I don’t claim to know everything about relationships, believe me I have to work on mine every day. I know dating can be a struggle especially in this wave of “talking,” DM’s and everything else that comes with our generation’s idea of dating. However, there are some things that i’ve noticed from my peers that I really think could be avoided.
Settling
I hear far too many of my friends complaining that they want to go out on an actual date but instead settle for “Netflix and chill.” If that isn’t what you want then why settle for that? Tell that person that you would rather get to know them on a date rather than at their dorm or apartment room. Money shouldn’t be an excuse. Go somewhere in walking distance, and it doesn’t cost money to stroll around a park or lake.
Unclear expectations
When you fall into the habit of saying one thing but meaning another, how is the person you’re talking to ever going to know that you’re unhappy. They will think you’re fine with how the “relationship” is going, and that’s not fair to either party.

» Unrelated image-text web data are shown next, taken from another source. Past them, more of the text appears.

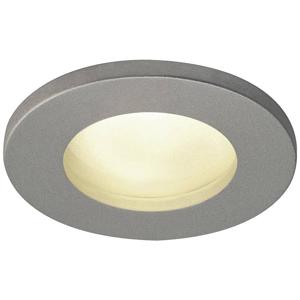 SLV 1001167 DOLIX OUT LED-inbouwlamp GU10 50 W Grijs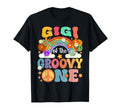 Gigi Groovy One Matching Family 1St T-Shirt - Streetwear Style for Adults - T-Shirt, Sweatshirt, Hoodie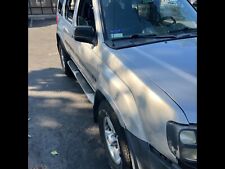 2004 nissan xterra for sale  San Leandro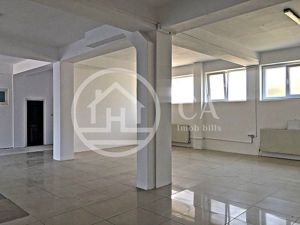 Spatiu comercial cu 3 camere de inchiriat in zona Iosia Nord, Oradea - imagine 7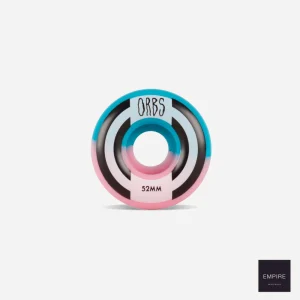 Orbs - Apparitions - Pink / Blue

Speak and make your expectations clear from the beginning.
Scared
You might be worried that if you voice what you actually want than nobody will want you but you couldn’t be more wrong. Yes, having high standards might weed off a few guys, but that’s how you know they weren’t the right person for you. When someone is truly interested in you they will make the effort to show you. Don’t let the feeling of loneliness lead to you sacrificing the respect you deserve.
Taking things too fast
There’s no need to rush into anything. You need to get to know this person before you call yourself having a relationship with them. Because later on you might find out you don’t really like them but, by now you’re already emotionally invested. Talk to each other, and I don’t just mean texting (anyone can type the right thing). Talking on the phone and seeing how a person acts in real life reveals a lot more than a text message can.